Oleh pengkritiknya, PDB sebagai ukuran produktivitas yang cenderung overestimate untuk kasus Indonesia sehingga lebih baik menggunakan PNB yang lebih mencerminkan output sesungguhnya. Namun, pada praktiknya, PDB lebih umum digunakan sebagai perbandingan terhadap utang pemerintah. PDB adalah output yang dihasilkan di negeri ini yang akan menjadi obyek pendapatan pemerintah, baik yang dihasilkan oleh warga negara Indonesia maupun penduduk bukan warga negara melalui pajak, bagi hasil pendapatan, dan lain-lain. Jadi, PDB merupakan sumber pendapatan negara dan karena itu digunakan untuk mengukur leverage sebuah negara dengan cara membandingkannya dengan utang pemerintah.

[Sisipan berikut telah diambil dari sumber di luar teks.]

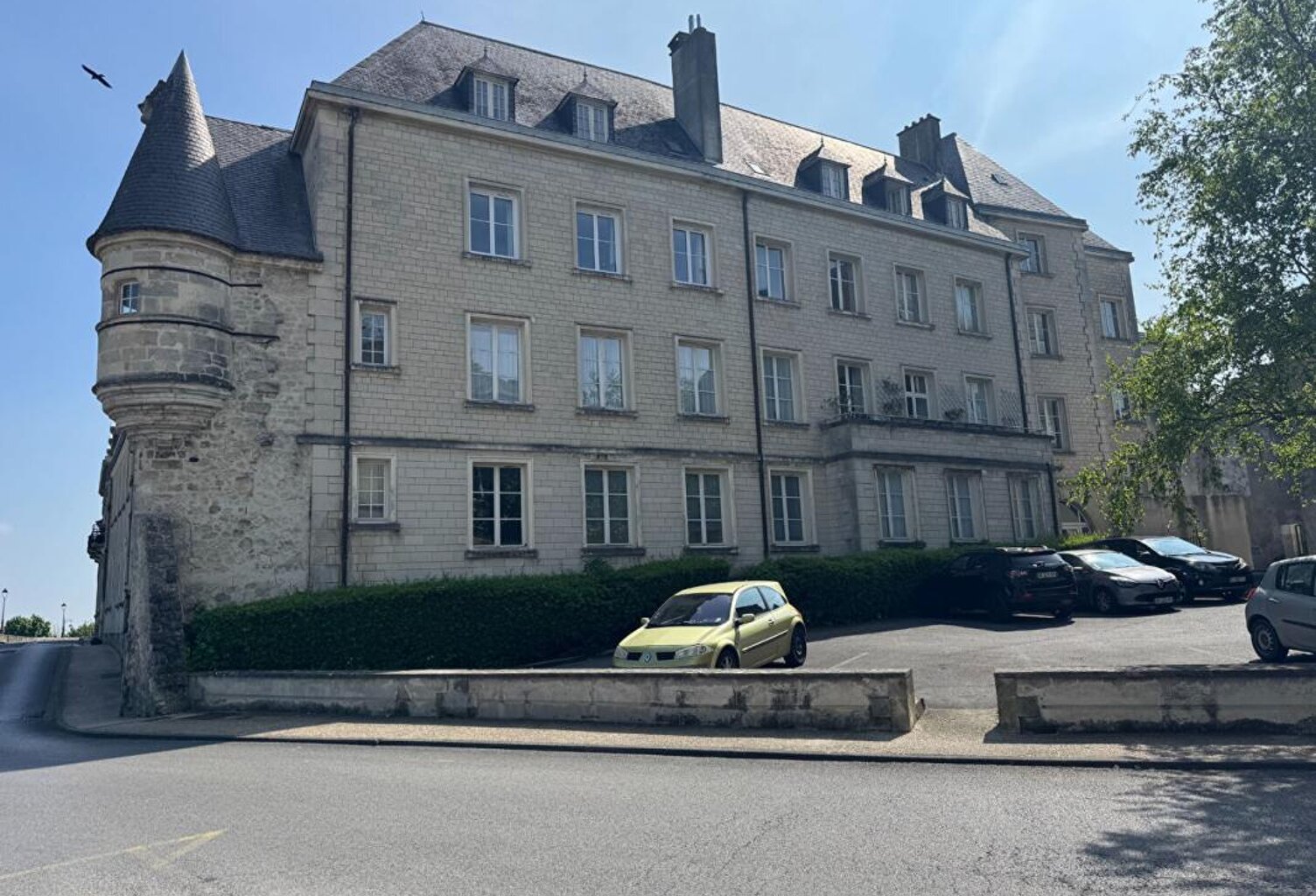 Appartement Laon 2 pièce(s) — photo 1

Perubahan rasio utang terhadap PDB dalam tingkatan tertentu dapat mencerminkan efektivitas penggunaan utang pemerintah. Jika pertumbuhan ekonomi lebih tinggi daripada pertumbuhan utang pemerintah, rasio utang terhadap PDB cenderung turun sehingga dapat dikatakan penggunaan utang menghasilkan pertambahan output yang lebih besar dari nilai utang yang bertambah.

Pasar domestik

Fakta lainnya yang mendukung kenaikan prospek rating adalah kebijakan membatasi penarikan utang luar negeri pascakrisis ekonomi 1998 Indonesia. Walaupun utang dalam bentuk surat berharga negara (SBN) naik terus, tetapi diimbangi dengan penurunan pinjaman bilateral dan multilateral. Akhir Maret 2009, total utang dalam mata uang asing 146,9 miliar dollar AS, naik 1,3 miliar dollar AS dibanding pada akhir 2003. Sebagai gantinya, pemerintah mengandalkan sumber pembiayaan dengan surat berharga negara di dalam negeri. Sebagai perbandingan, PDB naik lebih dari dua kali lipat dari Rp 2.046 triliun pada 2003 menjadi Rp 5.488 triliun pada 2008.

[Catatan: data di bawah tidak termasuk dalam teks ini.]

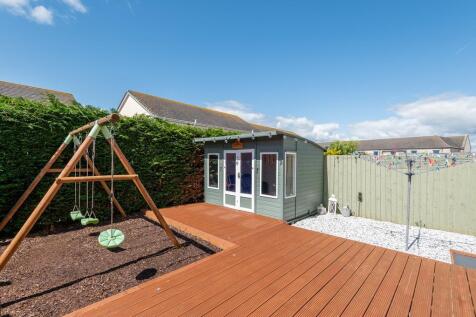 SUMMER HOUSE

Belajar dari krisis ekonomi 1998, negara-negara Asia sepakat mengembangkan pasar obligasi domestik masing-masing untuk mengurangi ketergantungan pada sumber pembiayaan mata uang asing. Dan Indonesia termasuk negara yang serius mengembangkan pasar obligasi, hingga saat ini pemerintah telah menerbitkan beragam jenis SBN, mulai dari bertenor pendek sampai panjang, berbunga dan tidak berbunga, serta instrumen konvensional dan syariah.

Dari pembahasan di atas, rating Indonesia semestinya bisa bertambah baik pada waktu yang tidak terlalu lama lagi.